I have an asus a53ta and I pulled it out of retirement to try and get linux mint running on it but its stuck at 1024x768 and the amd proprietary drivers are outdated. Any idea if another driver can be loaded?
Here's my system info from inxi -Fxz
Last edited by SMG on Wed Mar 20, 2024 8:52 pm, edited 1 time in total.
Reason:Added code tags to inxi output to preserve its formatting making it easier to read.
halfnhalf wrote: ⤴Wed Mar 20, 2024 8:18 pm
I have an asus a53ta and I pulled it out of retirement to try and get linux mint running on it but its stuck at 1024x768 and the amd proprietary drivers are outdated. Any idea if another driver can be loaded?
Welcome to the forum, halfnhalf.
The drivers are in the kernel and should load automatically when you boot the computer. Yours did not for some reason.
After I installed mint for the first time earlier today it black screened every time I booted, so I booted to recovery mode and did apt upgrade. That seemed to at least let me boot into regular mode. The inxi output was posted from a regular boot. I'll try the live usb in a bit, just got home and not on that laptop. The other problem I have with it is it hangs after going to sleep. Won't wake up and have to restart. Also driver manager says everything is up to date
Last edited by halfnhalf on Wed Mar 20, 2024 9:50 pm, edited 2 times in total.

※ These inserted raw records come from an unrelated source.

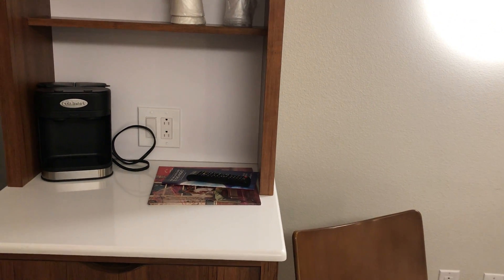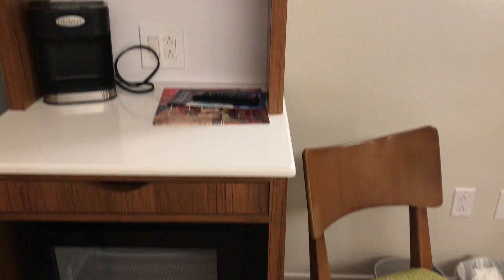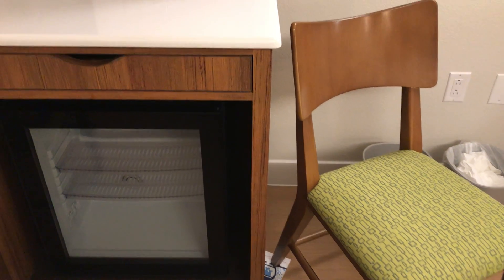They have a Keurig-type coffee maker and a refrigerator.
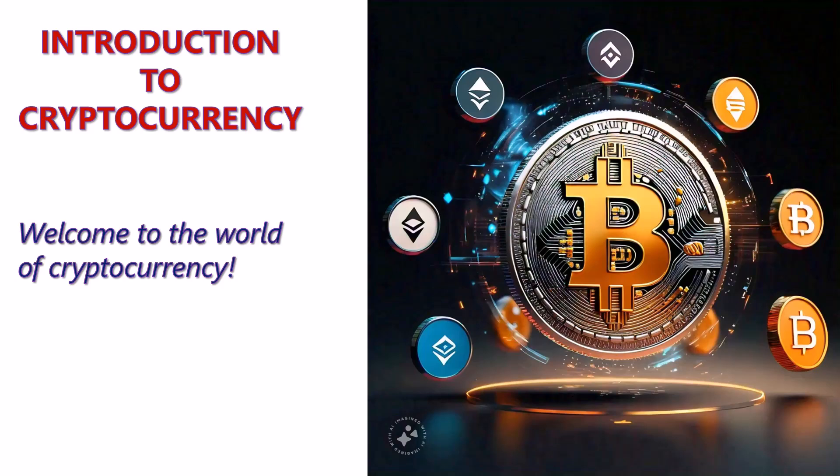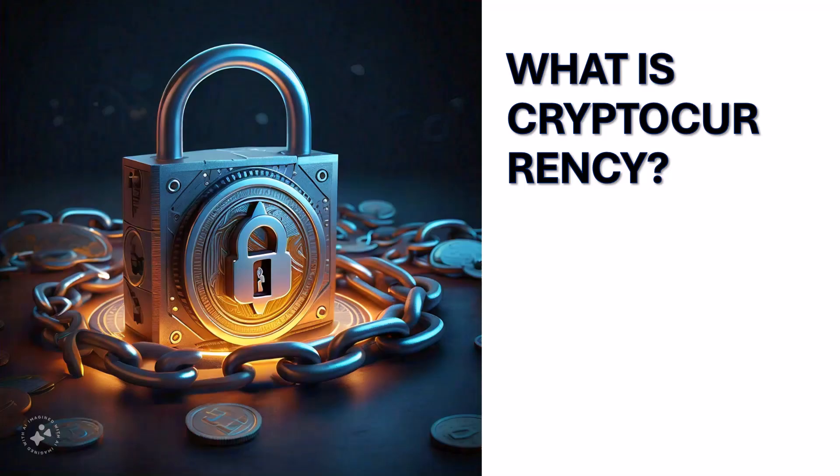Hi everyone, welcome to LEN Academy. This is a tutorial video on a short introduction to cryptocurrency, a form of digital money that is changing how we think about transactions. If you are completely new to this, don't worry, I'm going to make it simple and easy to understand.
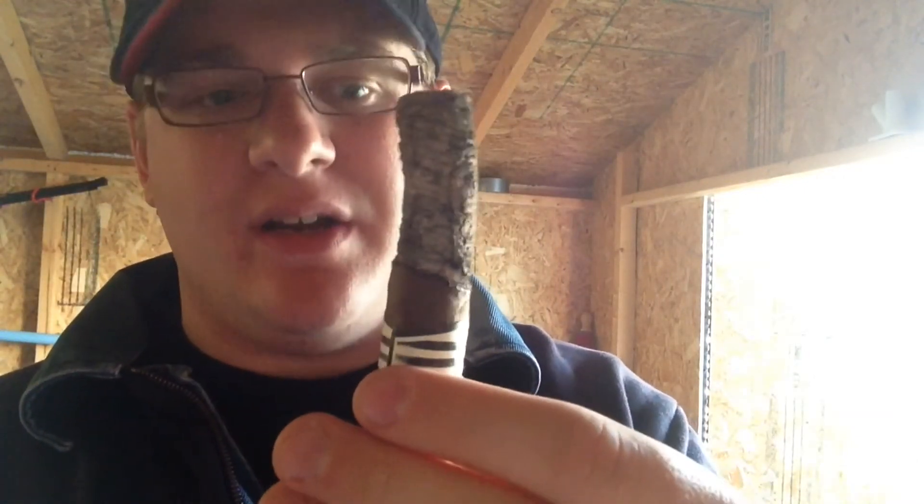Back here close to the band, got about two inches left, ash holding on very nicely. Draw still excellent, burn great, not getting too hot yet. Pepper has died down even more — very mild pepper now, still there but not like it was before, not that medium or high pepper anymore. Just a real nice earth flavor coming through.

halfnhalf wrote: ⤴Wed Mar 20, 2024 9:19 pmThe other problem I have with it is it hangs after going to sleep. Won't wake up and have to restart. Also driver manager says everything is up to date
Sleep/suspension will not work properly if the graphics drivers are not loaded.
Driver Manager is only for proprietary third party drivers. That does not apply for your hardware. As I already stated, the graphics drivers are in the kernel and should load automatically. They are not proprietary.
So I just tried it and it's now not booting into anything but recovery mode (which after apt upgrading earlier let me boot into what it called regular boot). Right now a regular boot just hangs with zero video output. Live usb disc has the same problem. I have to boot into compatibility mode or it wont work.
halfnhalf wrote: ⤴Wed Mar 20, 2024 9:51 pm
So I just tried it and it's now not booting into anything but recovery mode (which after apt upgrading earlier let me boot into what it called regular boot). Right now a regular boot just hangs with zero video output. Live usb disc has the same problem. I have to boot into compatibility mode or it wont work.
See if the suggestion in this topic [SOLVED] Linux Mint 21.1 boot hang - probably issue with Radeon graphic card about just using the integrated graphics is possible with your ASUS. That topic is a Lenovo, but it has Sumo and Whistler like you have. The setting to just use the onboard is in the BIOS/UEFI for that laptop.
Unfortunately my bios is so bare bones it doesn't have an option to turn off the discrete graphics. It's also an old bios version so I'm trying to upgrade it but asus only released a win flash exe file and the bios file isnt there to run from the bios, so I'm making a wintogo usb and hoping I can run it off there. Lmao this probably won't even work because the usb has to be fixed and not dynamic afaik. Might install Windows if this doesn't work but even then I have no idea if the new bios version will have the option to turn off discrete graphics. Oh well, I guess that will be the end of my journey if it doesn't.
halfnhalf wrote: ⤴Thu Mar 21, 2024 3:02 am Might install Windows if this doesn't work but even then I have no idea if the new bios version will have the option to turn off discrete graphics.
You might have the option in Windows to turn off/disable the discrete GPU or set it to only use the onboard. A number of manufacturers (I know HP was one) made it possible to select from an option in Windows rather than in the BIOS/UEFI. However, I don't know if that was HP-specific software or something in Windows.